◆ What to do
Recreate the listing that follows line for line, without pictures.

◆ Exercise data
=== Begin Enclosure ===

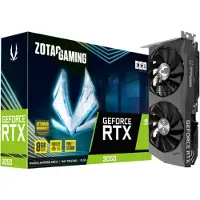 Zotac GAMING GeForce RTX 3050 ECO - Grafikkort - GF RTX 3050 - 8 GB GDDR6 - PCIe 4.0 x8 - 3 x DisplayPort, HDMI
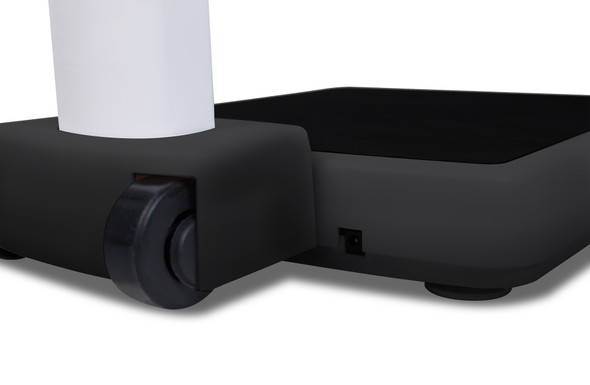 Cardinal Scales SOLO-AC solo Digital Scale, Mechanical Height Rod, 550 lb  / 250 kg, AC Adapter, US, NEW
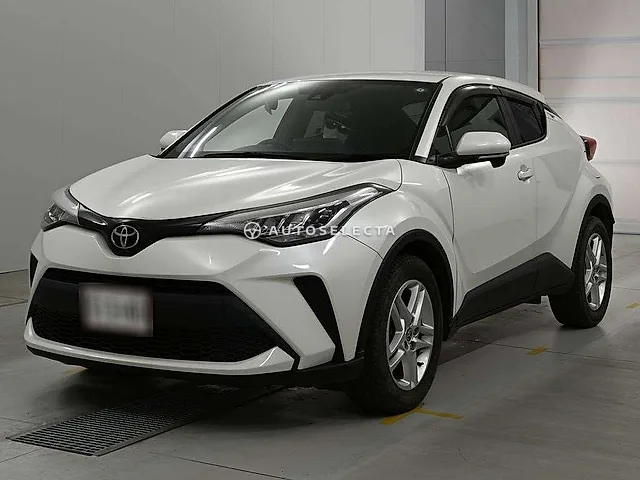 Toyota C-HR 2019, auction grade 4.5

=== End Enclosure ===

◆ Task response
 Zotac GAMING GeForce RTX 3050 ECO - Grafikkort - GF RTX 3050 - 8 GB GDDR6 - PCIe 4.0 x8 - 3 x DisplayPort, HDMI
 Cardinal Scales SOLO-AC solo Digital Scale, Mechanical Height Rod, 550 lb  / 250 kg, AC Adapter, US, NEW
 Toyota C-HR 2019, auction grade 4.5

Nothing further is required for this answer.